[SUPPLIED INFORMATION — start]

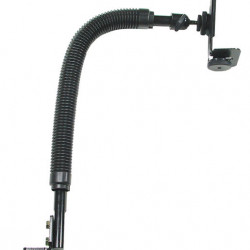 Gooseneck for color monitor top view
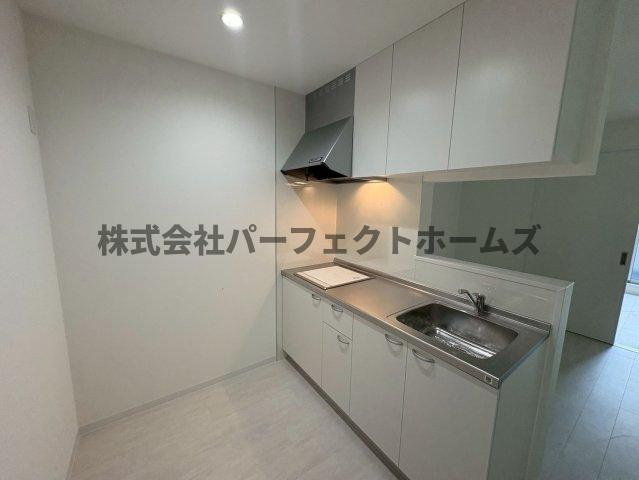 アート星田駅前のキッチン|お料理しやすいキッチンです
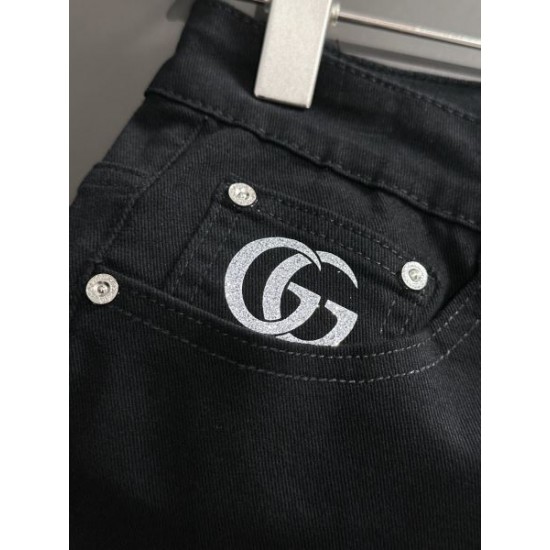 2024SS 大人の雰囲気たっぷり GUCCI グッチ メンズジーンズ 2024SS 大人の雰囲気たっぷり GUCCI グッチ メンズジーンズ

[SUPPLIED INFORMATION — finish]

Transcribe all the material exactly; skip every image.

 Gooseneck for color monitor top view
 アート星田駅前のキッチン|お料理しやすいキッチンです
 2024SS 大人の雰囲気たっぷり GUCCI グッチ メンズジーンズ 2024SS 大人の雰囲気たっぷり GUCCI グッチ メンズジーンズ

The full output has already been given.